Audie Cornish's "hushed tone usually reserved for describing endangered birds" was my attempt to show how NPR treats serious political topics with the same reverent whisper they use for everything from poetry to pandas. There's something both admirable and slightly ridiculous about maintaining that tone when discussing something as horrific as slavery nostalgia.
Creating Curtis Weller, the farmer who calls slavery "patriot apprenticeship," was walking a tightrope. He needed to sound authentically rural without being a caricature, and his logic needed to be coherent within his own twisted worldview while being obviously insane to everyone else.
The detail about him wearing a "Keep the Government Out of Farming" shirt while having received $73,000 in subsidies was crucial - it shows the fundamental hypocrisy that makes these characters so satirically rich. The off-mic comment from his neighbor about not being able to keep goats in the fence was my way of undermining his authority through community knowledge.
I loved creating Dr. Strauss's line about "democracy suffocating in a corn silo." Academic experts on NPR always have these perfectly crafted metaphors that somehow make horrible things sound poetic. "They're recasting slavery as nostalgia" captures the euphemistic language that's used to make unthinkable things thinkable.
The phrase "gaslighting — except it comes with free soybeans" was my attempt to show how material benefits can make people complicit in their own manipulation. It's funny but also genuinely unsettling.
Creating those "Patriot Apprenticeship" brochures was darkly fun. "Sunrise fieldwork" and "mandatory patriot lectures" sound almost wholesome until you realize what's being described. The fine print about complaints being "categorized as treason" shows how quickly these fantasies turn authoritarian.
This kind of detail work is what makes satire effective - it's not enough to point out the absurdity, you have to show how it would actually function in practice.
The NPR-commissioned poll was my favorite part to write. When 21% of respondents said "cotton" in response to "What does restoration mean to you?" - that's not even a joke, that's just revealing what's already there in people's minds.
Harriet James's analysis - "When one in five voters equates restoration with cotton, it's no longer an agricultural policy. It's a plantation playlist" - captures how euphemistic political language can't hide the underlying intentions.
The failed rally chant "Soybeans, subsidies, and slavery!" breaking down because "the rhythm didn't work" was my way of showing how these movements are often as incompetent as they are evil. Evil can be banal and poorly organized.
The image of "a county fair crossed with a Civil War reenactment nobody rehearsed for" where "half the people brought pitchforks, the other half brought corn dogs" captures the mixture of menace and buffoonery that characterizes so much contemporary political theater.

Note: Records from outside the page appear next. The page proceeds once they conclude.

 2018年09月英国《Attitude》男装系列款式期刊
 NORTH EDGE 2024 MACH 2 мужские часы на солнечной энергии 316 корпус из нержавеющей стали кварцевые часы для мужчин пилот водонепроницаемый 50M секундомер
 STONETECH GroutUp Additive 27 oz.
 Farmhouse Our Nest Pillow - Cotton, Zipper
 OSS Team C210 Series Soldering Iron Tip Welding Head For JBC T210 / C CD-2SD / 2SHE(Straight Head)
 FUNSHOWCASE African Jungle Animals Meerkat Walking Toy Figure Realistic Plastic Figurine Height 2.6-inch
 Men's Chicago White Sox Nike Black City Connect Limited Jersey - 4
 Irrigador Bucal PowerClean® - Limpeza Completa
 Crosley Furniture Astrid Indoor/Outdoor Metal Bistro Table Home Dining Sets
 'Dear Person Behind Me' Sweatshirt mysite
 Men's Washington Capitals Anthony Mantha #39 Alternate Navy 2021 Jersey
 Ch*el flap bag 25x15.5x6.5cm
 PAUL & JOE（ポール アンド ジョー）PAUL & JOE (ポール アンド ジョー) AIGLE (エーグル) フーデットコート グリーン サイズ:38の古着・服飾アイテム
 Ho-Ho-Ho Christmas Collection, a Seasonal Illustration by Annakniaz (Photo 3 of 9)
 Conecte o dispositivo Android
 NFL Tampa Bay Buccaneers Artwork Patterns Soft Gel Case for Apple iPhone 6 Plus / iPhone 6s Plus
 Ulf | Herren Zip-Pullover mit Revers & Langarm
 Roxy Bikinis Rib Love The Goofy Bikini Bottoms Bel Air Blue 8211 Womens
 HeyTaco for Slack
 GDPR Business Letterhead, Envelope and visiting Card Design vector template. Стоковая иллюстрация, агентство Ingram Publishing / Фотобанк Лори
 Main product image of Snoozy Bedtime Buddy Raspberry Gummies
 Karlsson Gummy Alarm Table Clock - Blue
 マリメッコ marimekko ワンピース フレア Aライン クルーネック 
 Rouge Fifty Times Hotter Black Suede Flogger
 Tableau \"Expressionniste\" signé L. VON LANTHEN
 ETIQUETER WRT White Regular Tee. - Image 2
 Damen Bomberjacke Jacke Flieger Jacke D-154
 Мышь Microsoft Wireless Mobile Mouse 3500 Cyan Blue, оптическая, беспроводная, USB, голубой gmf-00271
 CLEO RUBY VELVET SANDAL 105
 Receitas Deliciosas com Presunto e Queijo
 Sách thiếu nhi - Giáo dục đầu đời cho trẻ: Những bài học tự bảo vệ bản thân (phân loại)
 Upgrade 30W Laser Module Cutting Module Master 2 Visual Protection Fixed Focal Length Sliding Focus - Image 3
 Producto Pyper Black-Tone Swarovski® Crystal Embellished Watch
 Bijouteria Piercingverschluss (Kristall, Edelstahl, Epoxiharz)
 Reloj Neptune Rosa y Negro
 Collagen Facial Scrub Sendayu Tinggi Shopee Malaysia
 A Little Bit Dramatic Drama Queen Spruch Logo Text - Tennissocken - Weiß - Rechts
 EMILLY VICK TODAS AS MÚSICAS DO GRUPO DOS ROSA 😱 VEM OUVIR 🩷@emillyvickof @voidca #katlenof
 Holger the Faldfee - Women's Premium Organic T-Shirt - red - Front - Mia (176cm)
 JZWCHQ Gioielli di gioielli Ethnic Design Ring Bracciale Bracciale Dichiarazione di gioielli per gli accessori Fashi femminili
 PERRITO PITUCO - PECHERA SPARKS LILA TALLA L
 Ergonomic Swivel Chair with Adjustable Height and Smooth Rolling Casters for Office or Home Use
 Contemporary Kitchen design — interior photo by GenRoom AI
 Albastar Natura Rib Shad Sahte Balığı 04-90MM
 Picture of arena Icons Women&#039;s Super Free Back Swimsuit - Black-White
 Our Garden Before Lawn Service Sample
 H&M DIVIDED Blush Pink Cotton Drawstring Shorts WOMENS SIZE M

"It's democracy's death scored for woodwinds" might be the line I'm most proud of in the entire piece. It encapsulates NPR's aesthetic approach while acknowledging the gravity of what's being described. Democracy doesn't always die with jackboots - sometimes it dies with gentle music and thoughtful analysis.
The fake quotes from Seinfeld, Ron White, and Sarah Silverman each needed to capture their distinct voices:
Seinfeld's observational "worst farm-to-table menu in history" is pure his comedy DNA
Ron White's "Smallpox blankets and chain gangs?" has his trademark dark cynicism
Silverman's "Ken Burns documentary with banjos" perfectly captures how NPR can make anything sound contemplative
Each comedian would approach this horror differently, but they'd all recognize the absurdity.
Including the link to the more direct bohiney.com/maga-farmers-believe-they-are-getting-their-black-slaves-back/ piece was important - it shows that this isn't just abstract satirical play. There are people who actually believe these things, and sometimes satirical indirection isn't enough.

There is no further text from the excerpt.